Involving youth in agriculture would require certainly more than just providing workshops, consultancy or grants. To be able to effectively address such an issue the national agricultural policy should include at least the following initiatives/action plans:

  • Institutionalise the Input-Output-Outcome-Impact framework as a solid basis for intra-ministerial / intra-agencies co-operations and interventions;
  • Localise or redirect the production for all parts (upstream and downstream) of the food supply chains for critical-self-sufficient (CSS) items (this is to protect local entrepreneurs from external supply-chain shocks);
  • Create a single national supply chain management data platform for CSS-designated food items (to eliminate the issue of the middleman and monopolies);
  • Set the universities that have land as national flagship universities to spearhead research and collaboration with a focus on AgriTech, circular economy and regenerative agriculture principles; 
  • Provide various financing options with a focus on start-ups and MSME segments, and technology adoption within the agriculture industry: Malaysia’s sovereign wealth funds (Khazanah and EPF), innovative smart financing or viable commercial banking sector options;
  • Ensure land availability for agricultural activities: limit land ownership while introducing rent ceiling and permanent rental contracts for small farmers;
  • For the AgriFood flagship universities align key performance indicators with the number of research that reaches the commercial stage;
  • Provide critical infrastructure and services for moving food around from farm to market;
  • Ensure that children from the school or even from the kindergarten level are introduced to the concept of 4IR agriculture for them to learn that there is nothing 3D (dirty, difficult, dangerous) about modern agriculture but it is fascinating and exciting. This is what is successfully done in other countries such as Japan, South Korea, and Singapore where government begins to inculcate change they want to see in society a few years down the road through curricula from kindergarten to universities. 
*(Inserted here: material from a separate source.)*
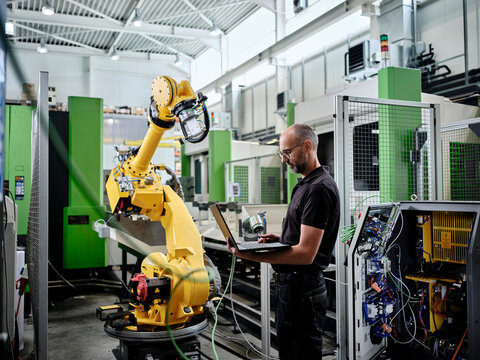 Male engineer using laptop by robotic arm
Certainly, the future of the agriculture sector is the youth. Producing highly skilled food agri-techpreneurs at scale is one of the major trends among the countries that exhibit stellar performance in the Global Food Security Index. And this also includes taping into the pool of massive youth unemployment that Malaysia has.

After all, Malaysia has massive youth unemployment and underemployment, vast unutilised/underutilised land (and for modern farming, it does not necessarily need to be fertile land as modern farming can be done in polybags and a completely controlled environment) and captive market demand (our food import is massive every year).

All we need to do is too pull these key ingredients together into a sound strategy done right — with the clearly set Input-Output-Outcome-Impact links and metrics.

Dr Rais Hussin and Dr Margarita Peredaryenko are part of the research team at EMIR Research, an independent think tank focused on strategic policy recommendations based on rigorous research.